◆ **Exercise aim**
Looking at the records below, please work out how many lines contain the word "vista" and give the number alone.

◆ **Provided entries**
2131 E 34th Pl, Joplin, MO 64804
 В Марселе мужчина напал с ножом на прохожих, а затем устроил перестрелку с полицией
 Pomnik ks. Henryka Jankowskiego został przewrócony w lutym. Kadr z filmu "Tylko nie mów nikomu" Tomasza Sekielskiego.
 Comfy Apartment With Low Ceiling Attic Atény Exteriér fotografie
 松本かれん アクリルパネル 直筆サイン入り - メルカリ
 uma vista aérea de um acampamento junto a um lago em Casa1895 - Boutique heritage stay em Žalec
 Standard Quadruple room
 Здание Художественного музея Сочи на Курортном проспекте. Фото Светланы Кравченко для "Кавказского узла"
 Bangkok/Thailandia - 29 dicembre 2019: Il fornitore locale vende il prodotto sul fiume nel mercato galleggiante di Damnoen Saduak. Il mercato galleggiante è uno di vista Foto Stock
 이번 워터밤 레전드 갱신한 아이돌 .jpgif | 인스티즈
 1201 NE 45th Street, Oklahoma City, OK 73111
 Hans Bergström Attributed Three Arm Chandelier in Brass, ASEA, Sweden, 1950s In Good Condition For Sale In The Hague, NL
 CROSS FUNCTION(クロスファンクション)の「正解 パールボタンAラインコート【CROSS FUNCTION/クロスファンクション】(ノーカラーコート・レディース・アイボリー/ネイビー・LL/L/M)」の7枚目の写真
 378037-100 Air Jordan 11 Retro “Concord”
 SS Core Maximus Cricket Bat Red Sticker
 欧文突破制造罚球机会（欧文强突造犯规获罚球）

◆ **Exercise output**
2